**Task directions:** Set down exactly the lines that run from the one containing "ガラス固化体貯蔵建屋B棟　ガラス固化体冷却空気温度(日平均)" to the end of the material below, both included, without pictures.

**Data for processing:**
=======
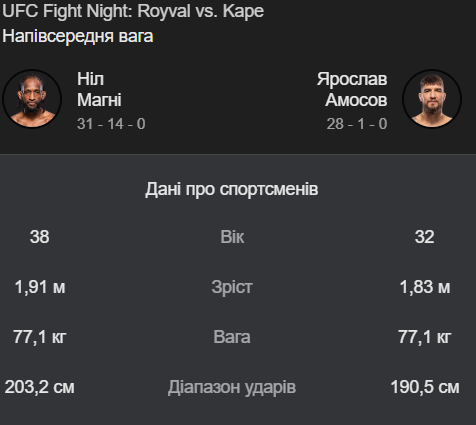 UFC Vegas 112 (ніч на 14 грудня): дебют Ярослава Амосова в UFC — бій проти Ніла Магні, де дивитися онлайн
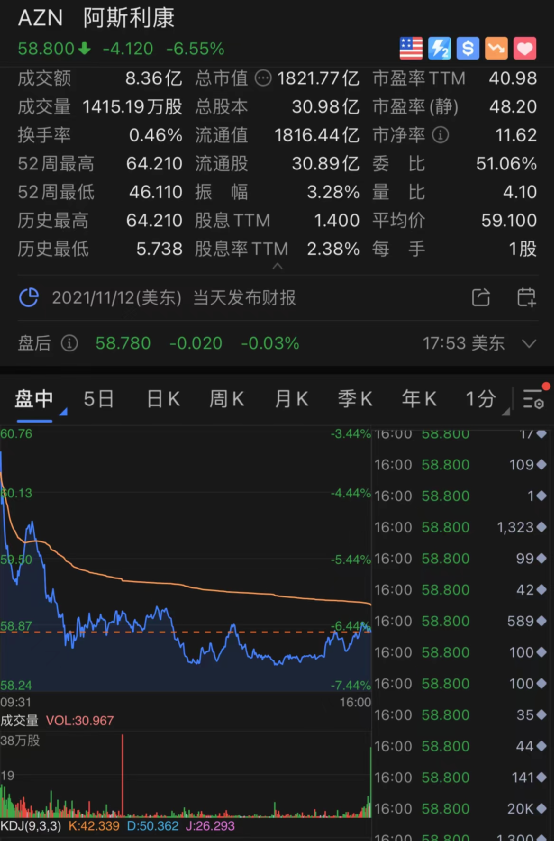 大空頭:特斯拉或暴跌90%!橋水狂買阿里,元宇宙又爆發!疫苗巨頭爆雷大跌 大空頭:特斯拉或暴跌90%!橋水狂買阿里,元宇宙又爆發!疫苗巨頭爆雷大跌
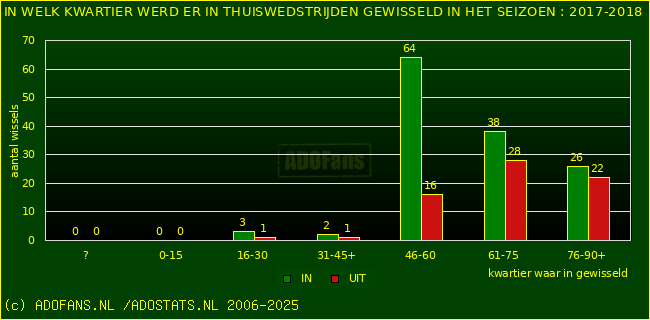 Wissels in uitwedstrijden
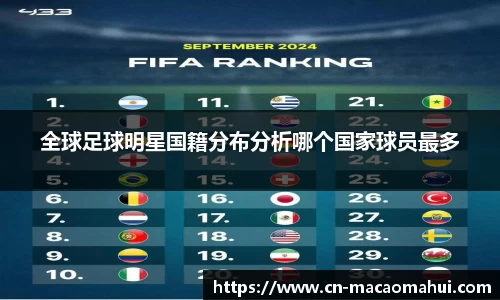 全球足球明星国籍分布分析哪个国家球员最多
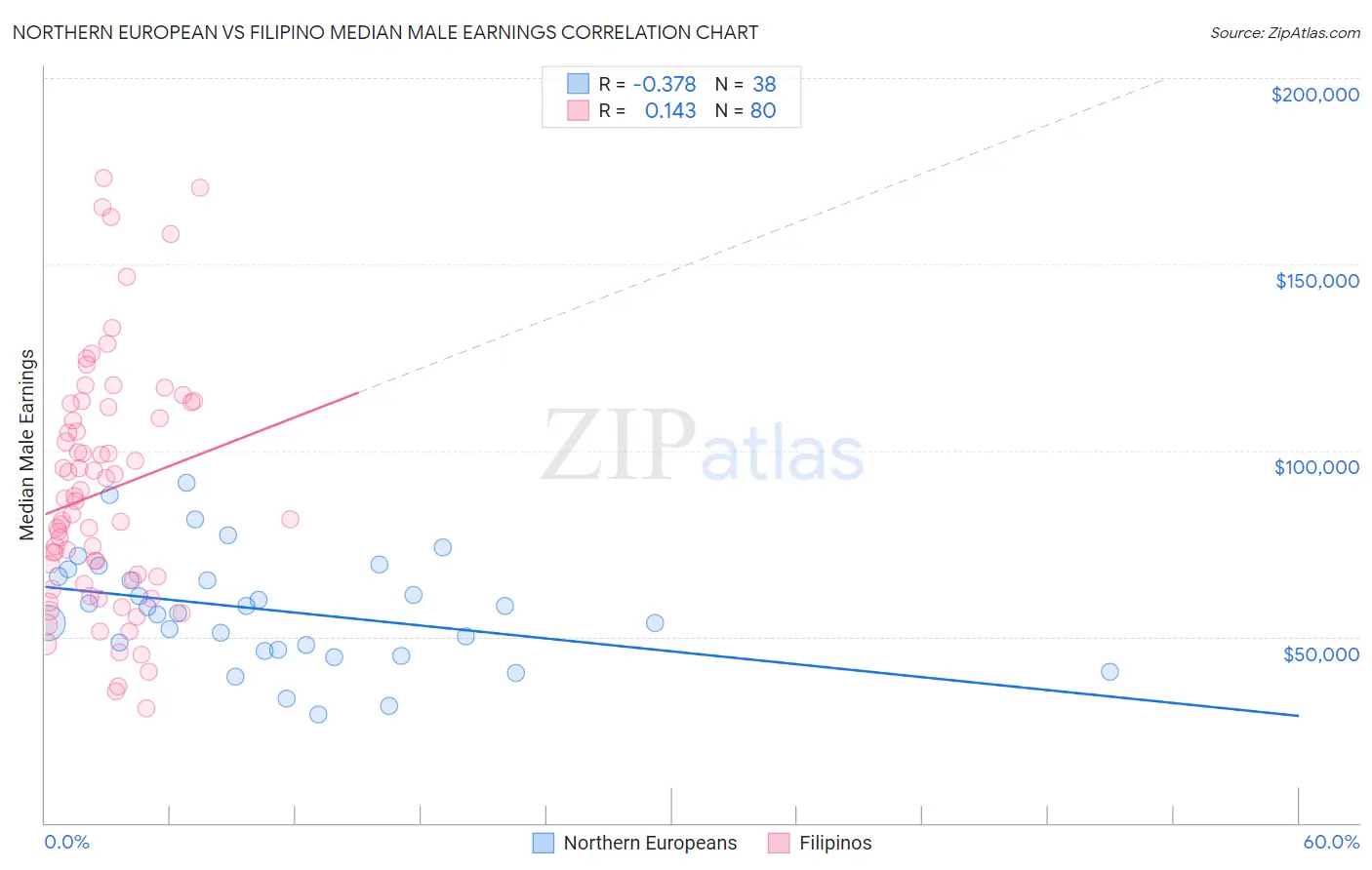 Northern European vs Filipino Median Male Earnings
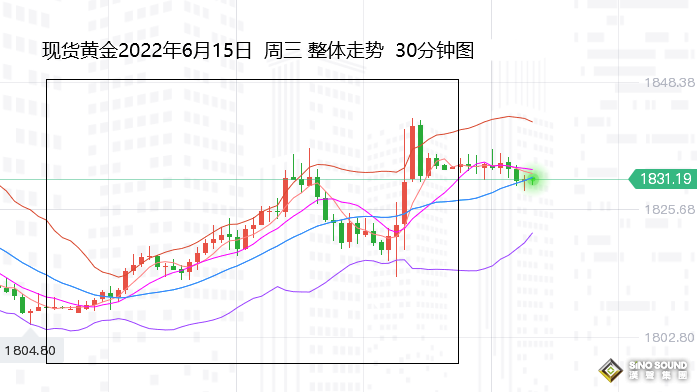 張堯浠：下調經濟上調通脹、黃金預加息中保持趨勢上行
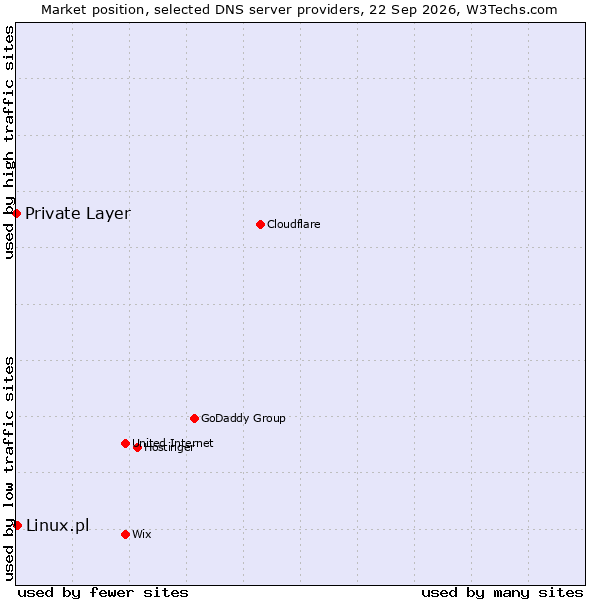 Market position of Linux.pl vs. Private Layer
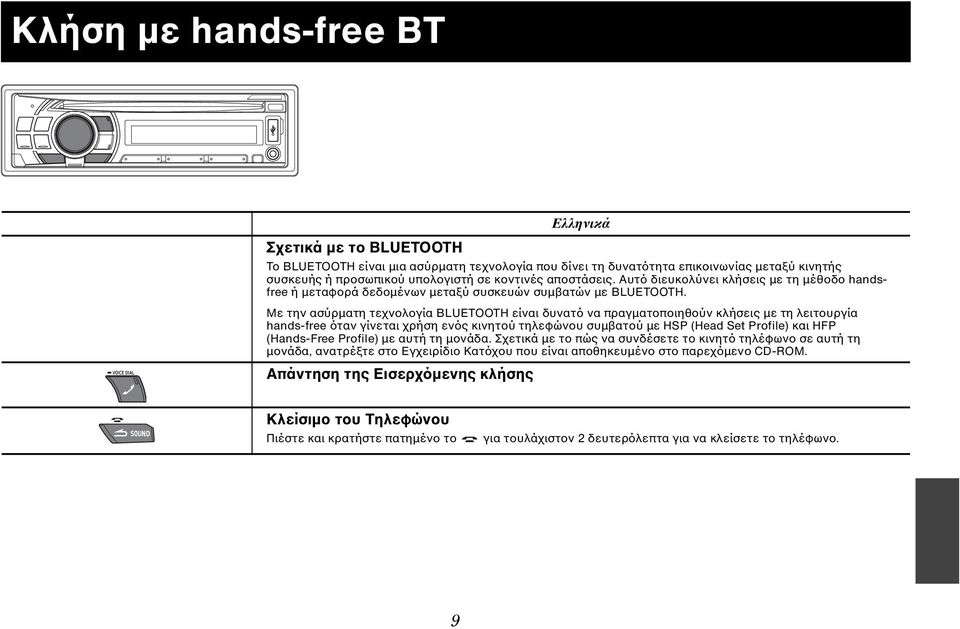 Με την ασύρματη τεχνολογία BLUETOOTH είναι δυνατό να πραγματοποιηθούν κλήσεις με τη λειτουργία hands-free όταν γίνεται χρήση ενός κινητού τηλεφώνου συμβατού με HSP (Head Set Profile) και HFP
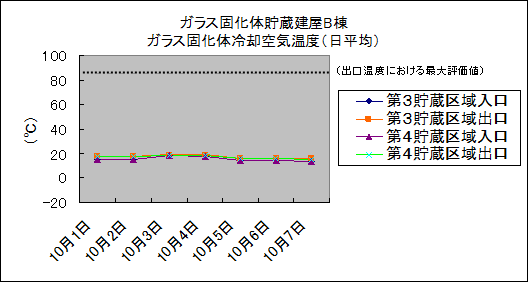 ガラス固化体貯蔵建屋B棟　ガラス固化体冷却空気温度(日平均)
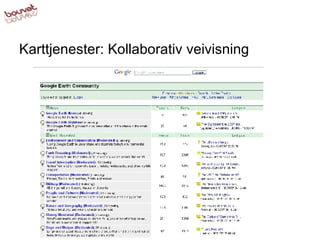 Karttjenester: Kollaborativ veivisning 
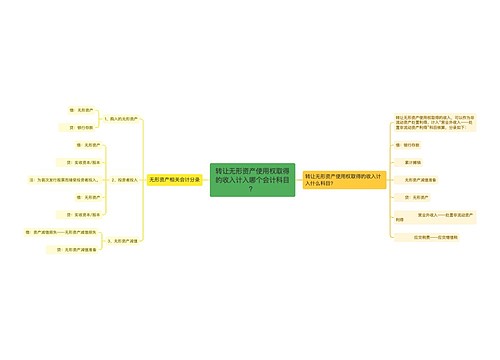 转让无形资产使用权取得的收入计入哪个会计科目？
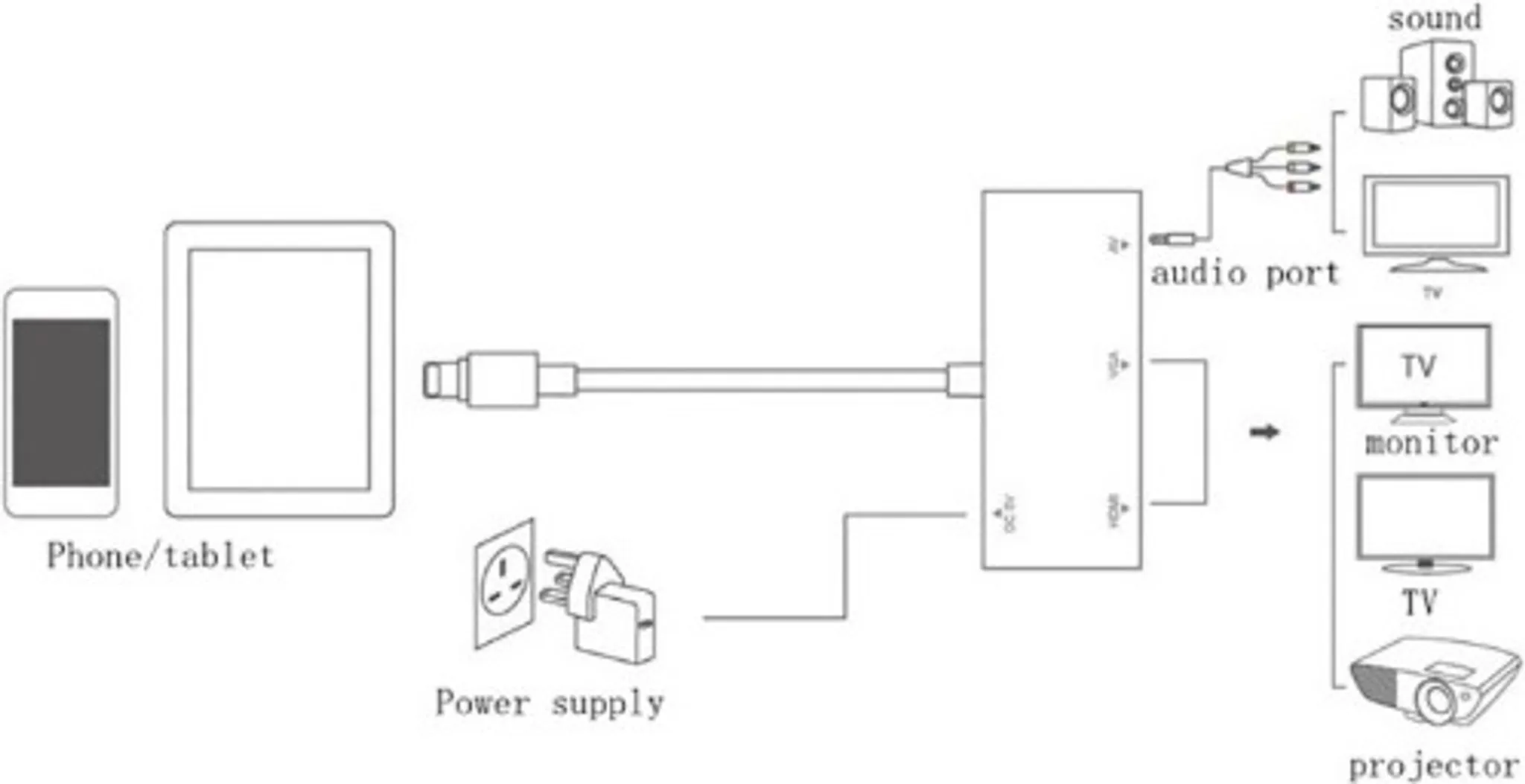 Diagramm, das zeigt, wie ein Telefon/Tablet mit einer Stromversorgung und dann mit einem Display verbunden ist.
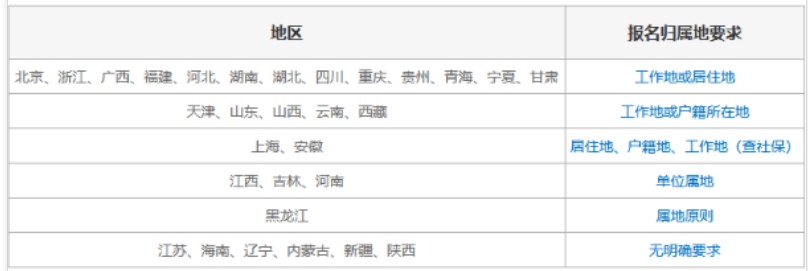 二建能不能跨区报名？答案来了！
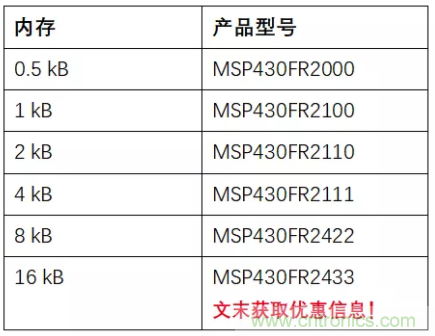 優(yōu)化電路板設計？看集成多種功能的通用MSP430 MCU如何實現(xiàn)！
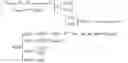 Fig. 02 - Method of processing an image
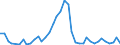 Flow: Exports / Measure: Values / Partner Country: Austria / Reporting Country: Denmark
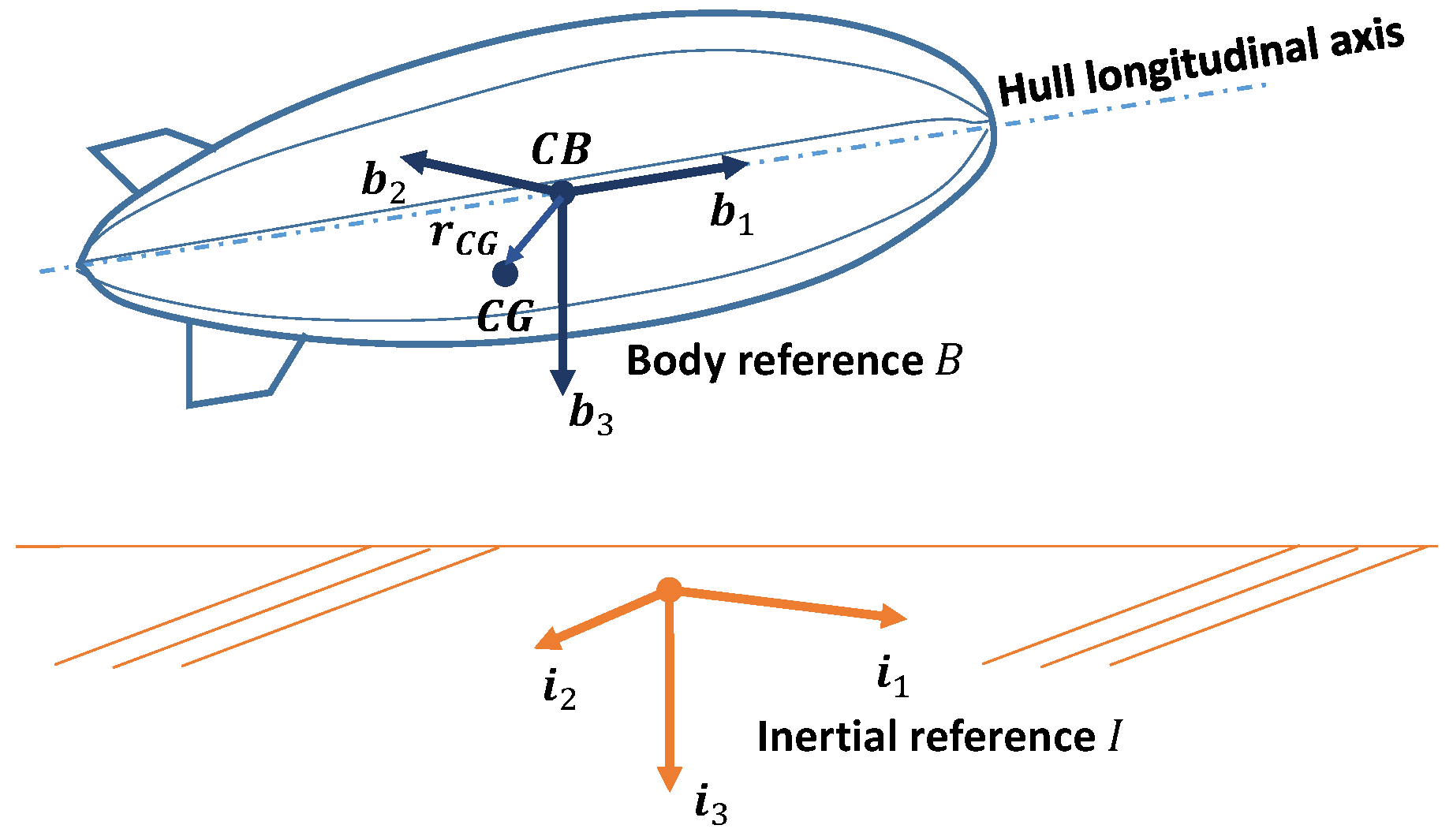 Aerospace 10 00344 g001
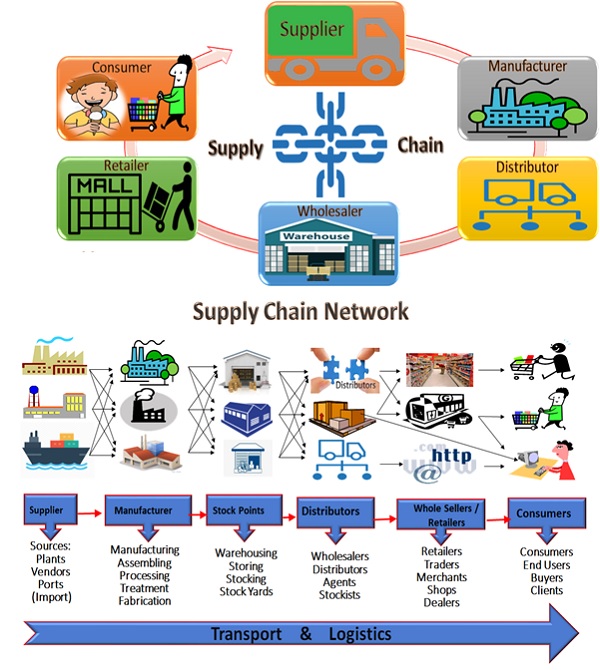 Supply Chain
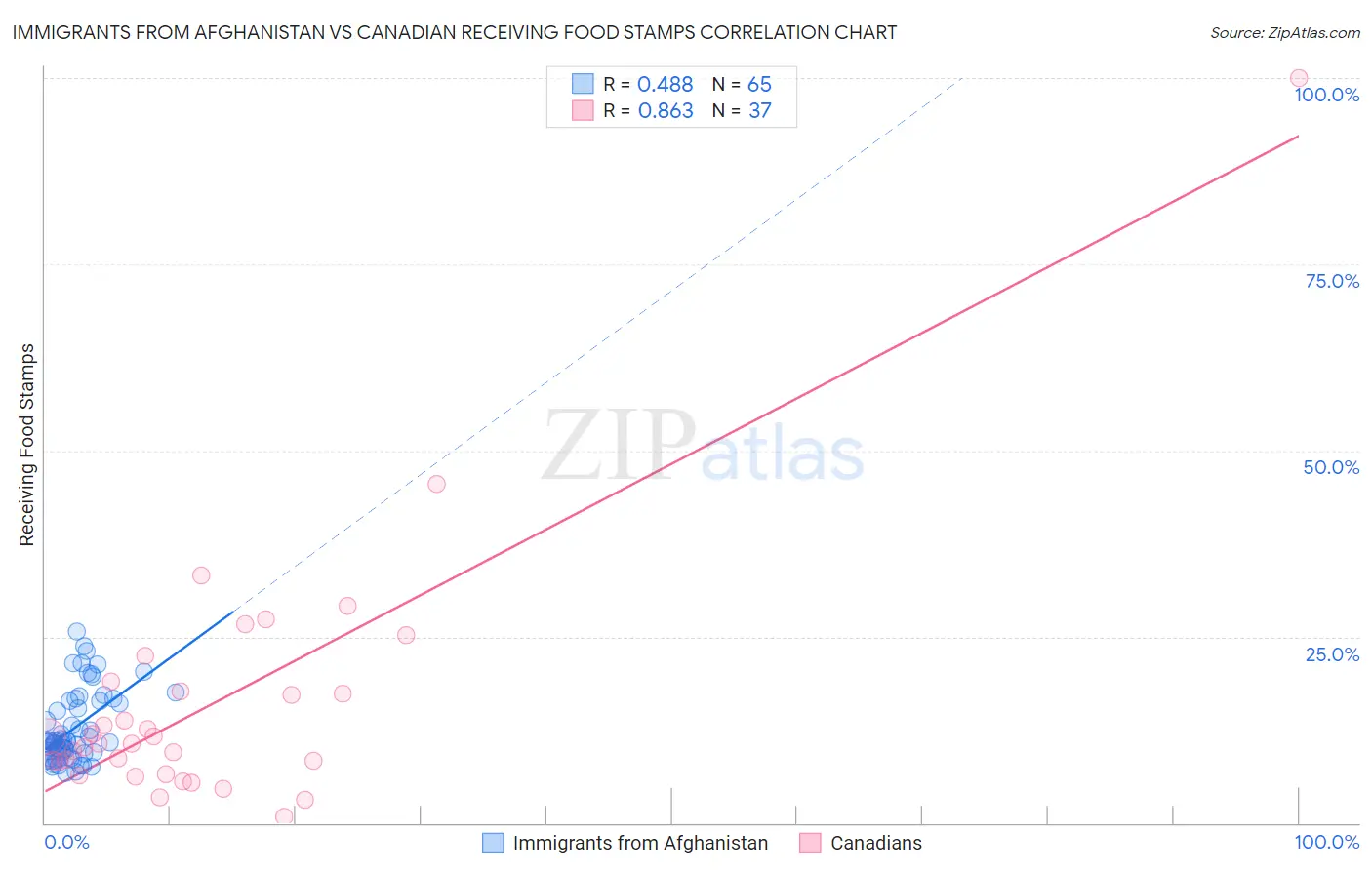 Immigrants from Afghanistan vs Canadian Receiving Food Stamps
=======
**Written answer:**
 ガラス固化体貯蔵建屋B棟　ガラス固化体冷却空気温度(日平均)
 Karttjenester: Kollaborativ veivisning 
 转让无形资产使用权取得的收入计入哪个会计科目？
 Diagramm, das zeigt, wie ein Telefon/Tablet mit einer Stromversorgung und dann mit einem Display verbunden ist.
 二建能不能跨区报名？答案来了！
 優(yōu)化電路板設計？看集成多種功能的通用MSP430 MCU如何實現(xiàn)！
 Fig. 02 - Method of processing an image
 Flow: Exports / Measure: Values / Partner Country: Austria / Reporting Country: Denmark
 Aerospace 10 00344 g001
 Supply Chain
 Immigrants from Afghanistan vs Canadian Receiving Food Stamps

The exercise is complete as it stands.